Pour la préparation du nouvel album, je suis en contact avec le groupe Izenzaren, notamment Mourad que j’ai eu le plaisir de rencontrer à l’occasion du clip de son fils (Djaffar Ali Mammar) et Muh At Burenna, que je remercie, de là s’est créée une amitié des rencontres et ce projet de travailler ensemble, puisque je leur ai fait part de mon désir d’enregistrer un nouvel album pour 2012 après 2 ans du précédent. Quand j’ai chanté à la Maison de la culture Mouloud Mammeri, j’ai eu le plaisir d’être accompagnée par les musiciens Izenzaren. L’apport du groupe, c’est l’amitié la sincérité et le respect mutuel, une aide précieuse, un nouveau départ pour la suite de cet album.

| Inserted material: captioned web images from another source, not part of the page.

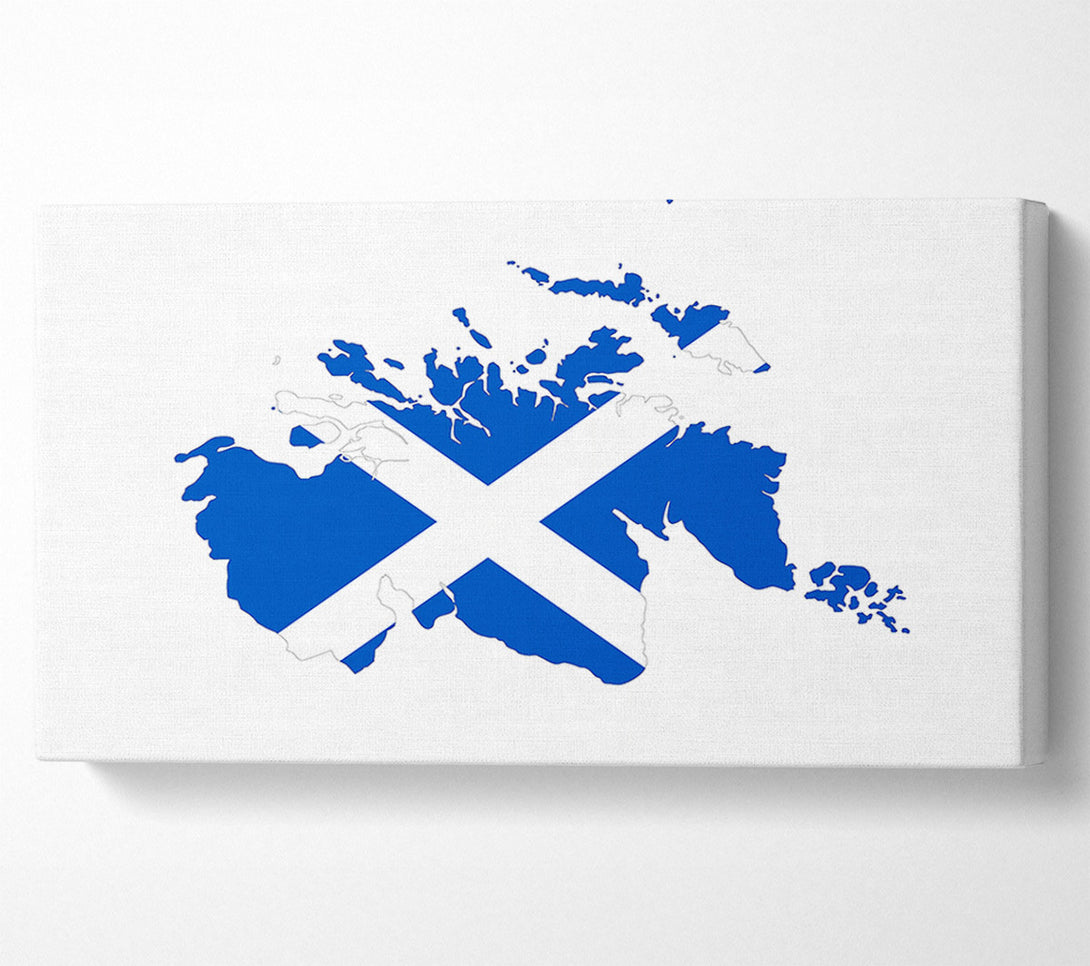  A Canvas Print of Scottish Flag Over Map 1 Canvas Wall Art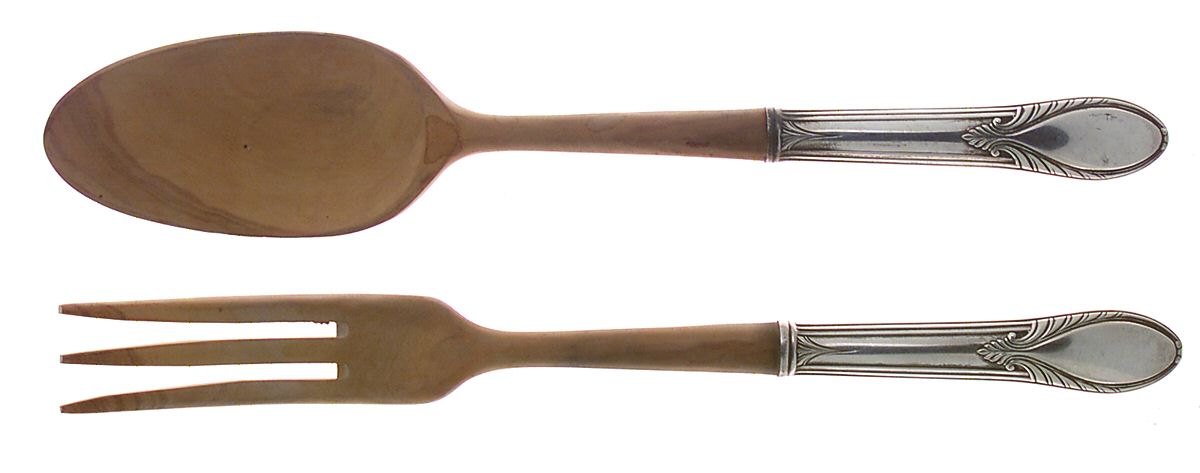 WEB12 (STERLING) Wooden Bowl 2-Piece Salad Set by Web Silver-1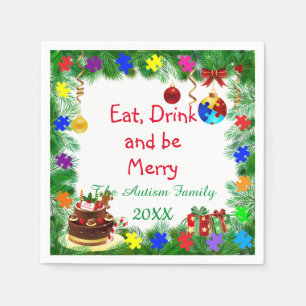 Autism Christmas Party Napkin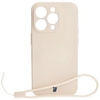 Etui silikonowe z pierścieniem magnetycznym Bizon Case Silicone Magnetic do iPhone 15 Pro, beżowe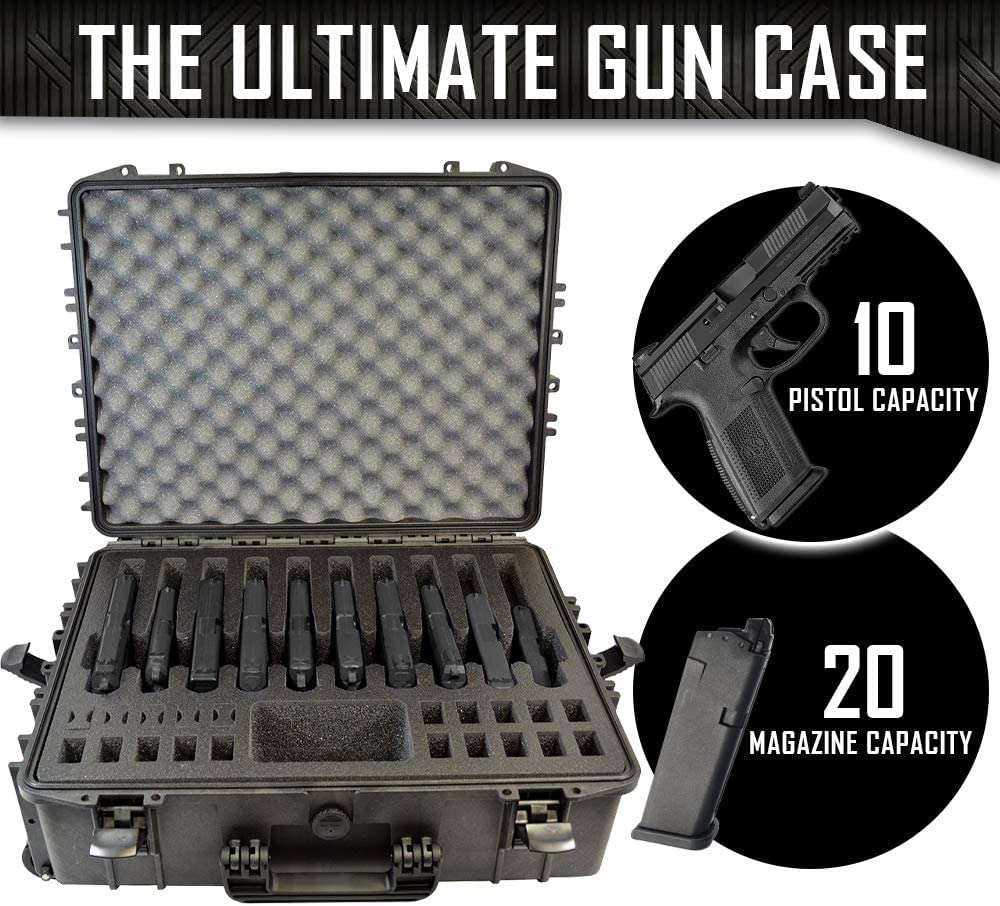 DORO 10 Pistol 20 Magazine Wheeled Hard Case with Custom Foam Insert - Waterproof Heavy Duty Tactical Gun Case for Firearms & Ammo Storage (21 x 15.87 x 7.25 Inch, Black) - Perfect for Range Transport, Air Travel & Secure Home Storage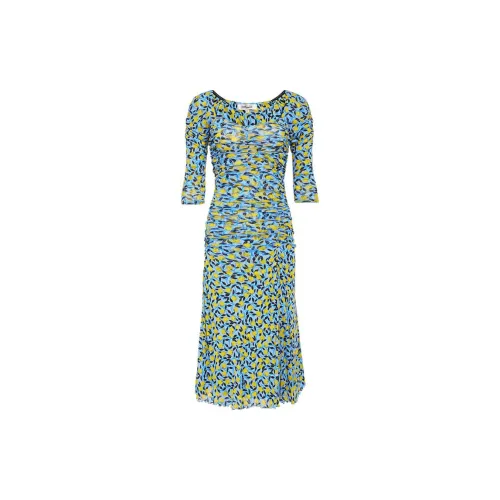 DVF Long-Sleeved Dresses Women's Blue Yellow Peach Blossom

Je les salue au passage.
Un mot sur les reprises qui sont légions actuellement chez nous ?
A une certaine période tout était permis dans la chanson kabyle, il y a eu un lâchage du n’importe quoi, une saturation du non stop à ne plus savoir quoi écouter, des reprises pour faire reculer le rai et faire oublier tous les mauvais événements, peut-être! Il en faut pour tous les goûts, mais ça a fait beaucoup de tort aussi, notamment aux chanteurs et chanteuses dont les œuvres ont été mal reprises, voir massacrées, c’est déplorable. Du non stop, je n’en suis pas contre, à condition de créer, d’innover, rechercher. Ce que je n’apprécie pas c’est tout ce mélange de charabia en Français et en Kabyle. On a une très belle langue, riche en vocabulaire, pourquoi y mêler des mots en français. Heureusement, le public revient doucement à la chanson à texte, à la création… à l’art.
D’autres projets, peut être …?
Certainement, en plus de la préparation du nouvel album, je prépare 2 clips pour sa promotion, des émissions à la télévision et de radios, ici en France et en Algérie, des galas en préparation, dont un le 28 octobre à Paris.
Pour terminer, je vous remercie de m’avoir donné l’occasion de m’exprimer, je remercie pour leur aide toutes les personnes avec lesquelles je travaille, je remercie mon public aussi et à chaque fois que j’ai l’occasion de chanter, c’est un bonheur d’être avec eux.